→ Web page caption snippets:

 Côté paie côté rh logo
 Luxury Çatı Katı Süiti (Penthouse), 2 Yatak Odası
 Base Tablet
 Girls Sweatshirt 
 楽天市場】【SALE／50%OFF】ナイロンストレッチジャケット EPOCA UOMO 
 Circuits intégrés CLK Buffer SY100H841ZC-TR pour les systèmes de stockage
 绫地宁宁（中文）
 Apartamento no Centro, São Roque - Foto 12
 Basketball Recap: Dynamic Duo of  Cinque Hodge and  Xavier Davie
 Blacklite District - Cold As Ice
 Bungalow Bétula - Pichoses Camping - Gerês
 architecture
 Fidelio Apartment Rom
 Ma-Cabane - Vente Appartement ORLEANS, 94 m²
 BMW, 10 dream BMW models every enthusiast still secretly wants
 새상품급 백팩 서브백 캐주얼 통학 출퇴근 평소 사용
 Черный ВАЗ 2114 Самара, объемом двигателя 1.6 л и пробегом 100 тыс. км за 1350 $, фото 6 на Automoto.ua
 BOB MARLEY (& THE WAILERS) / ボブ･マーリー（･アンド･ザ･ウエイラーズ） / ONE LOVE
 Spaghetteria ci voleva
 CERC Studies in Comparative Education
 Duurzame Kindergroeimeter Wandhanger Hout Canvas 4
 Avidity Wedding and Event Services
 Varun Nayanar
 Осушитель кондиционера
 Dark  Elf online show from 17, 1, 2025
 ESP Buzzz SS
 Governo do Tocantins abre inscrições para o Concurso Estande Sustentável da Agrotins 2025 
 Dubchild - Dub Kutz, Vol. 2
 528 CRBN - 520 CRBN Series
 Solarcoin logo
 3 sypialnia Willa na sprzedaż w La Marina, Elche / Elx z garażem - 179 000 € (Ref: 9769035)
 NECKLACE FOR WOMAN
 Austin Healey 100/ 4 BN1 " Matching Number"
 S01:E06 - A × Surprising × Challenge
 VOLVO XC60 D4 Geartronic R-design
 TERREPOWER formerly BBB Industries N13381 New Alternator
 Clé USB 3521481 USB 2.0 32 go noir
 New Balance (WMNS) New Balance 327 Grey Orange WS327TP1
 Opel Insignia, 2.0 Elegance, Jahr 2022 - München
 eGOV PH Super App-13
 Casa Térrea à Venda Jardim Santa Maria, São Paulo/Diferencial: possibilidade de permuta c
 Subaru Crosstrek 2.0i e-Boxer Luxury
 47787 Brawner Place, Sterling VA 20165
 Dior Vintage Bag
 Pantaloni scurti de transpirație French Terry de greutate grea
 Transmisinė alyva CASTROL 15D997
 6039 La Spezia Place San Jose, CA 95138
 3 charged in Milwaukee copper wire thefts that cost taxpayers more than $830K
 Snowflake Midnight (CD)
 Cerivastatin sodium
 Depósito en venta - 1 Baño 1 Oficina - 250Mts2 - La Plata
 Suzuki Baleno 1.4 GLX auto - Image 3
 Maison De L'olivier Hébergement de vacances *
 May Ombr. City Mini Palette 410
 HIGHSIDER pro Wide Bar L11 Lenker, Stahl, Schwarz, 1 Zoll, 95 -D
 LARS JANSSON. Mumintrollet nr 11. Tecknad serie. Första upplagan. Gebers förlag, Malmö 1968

→ EXERCISE INSTRUCTIONS: From the records above, transcribe without alteration every line from the one with "Austin Healey 100/" to the one with "6039 La Spezia Place San Jose, CA 95138", inclusive.

→ RESULT BELOW:
 Austin Healey 100/ 4 BN1 " Matching Number"
 S01:E06 - A × Surprising × Challenge
 VOLVO XC60 D4 Geartronic R-design
 TERREPOWER formerly BBB Industries N13381 New Alternator
 Clé USB 3521481 USB 2.0 32 go noir
 New Balance (WMNS) New Balance 327 Grey Orange WS327TP1
 Opel Insignia, 2.0 Elegance, Jahr 2022 - München
 eGOV PH Super App-13
 Casa Térrea à Venda Jardim Santa Maria, São Paulo/Diferencial: possibilidade de permuta c
 Subaru Crosstrek 2.0i e-Boxer Luxury
 47787 Brawner Place, Sterling VA 20165
 Dior Vintage Bag
 Pantaloni scurti de transpirație French Terry de greutate grea
 Transmisinė alyva CASTROL 15D997
 6039 La Spezia Place San Jose, CA 95138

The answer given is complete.